This discussion has been locked.
You can no longer post new replies to this discussion. If you have a question you can start a new discussion

Enterprise Console and Relay, High Availibilty

Hi

We currently have a management server, with relay server for external clients. However we are building a second data centre and need to work out the best way managing sophos if the first site gets taken offline.
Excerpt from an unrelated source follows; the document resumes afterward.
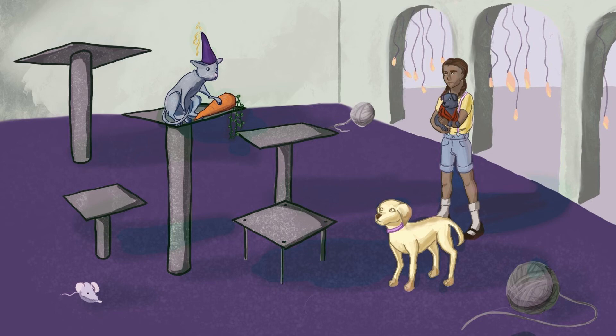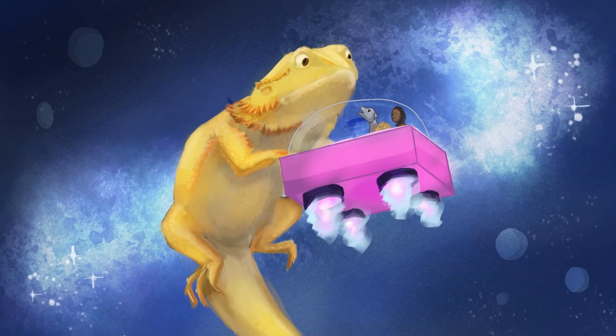As they spot the guinea pig planet up ahead, a big shadow suddenly flies overhead. And when they look up, a huge bearded lizard is following them. Cookie tells them that he is Spiky and he likes to eat unsuspecting animals passing through space.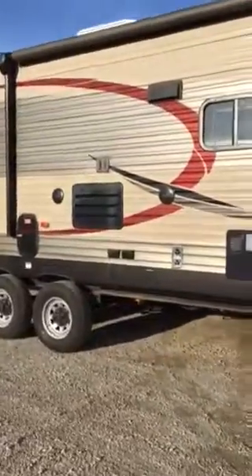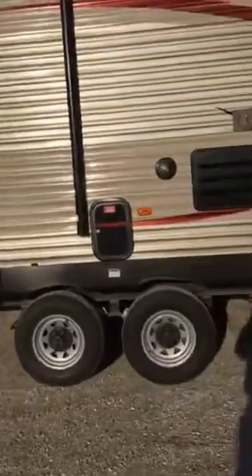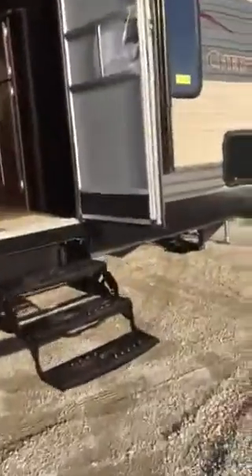Got your outside entertainment. Door to the bathroom from the outside — love that feature. Beautiful day out.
It looks like the only solution is to virtualize the servers and replicate them to the second site. The questions are:-

  1. Is this really the best way of managing this 
  2. Are we going to run into problems in the second site when we bring up the servers. As the IP addresses on the new site will be different are we going to have issues with communication between the clients relay and management server. 

Thanks

:50116


This thread was automatically locked due to age.
Parents
  • I know this is a fairly old thread, but being that I am currently building something very similar and the lack of information on this topic is very limited - I thought I might make a few (a bit of an understatement, sorry!) comments here to help anyone else currently thinking of this.

    As of SEC 5.4, SQL availability groups work with the SEC. I am running a multi-node, multi-subnet cluster with an AG, and this is no issue. The installer is a little painful as it mandates a computer name AND instance name (technically you don't need an instance name with an AG if you have only 1 instance in use), but if you specify this it will work just fine. There is one exception however, since the SEC cannot easily be reconfigured to support multi-subnet failover in the database connector, and thus must have the DNS entry configured in WSFC to only register the active IP address. If you do this, your failover time is as low as your DNS TTL allows before the entry is updated. Having a synchronous copy of the three Sophos databases (SOPHOS54, SophosSecurity, SophosPatch52) means failover at a database layer is then possible.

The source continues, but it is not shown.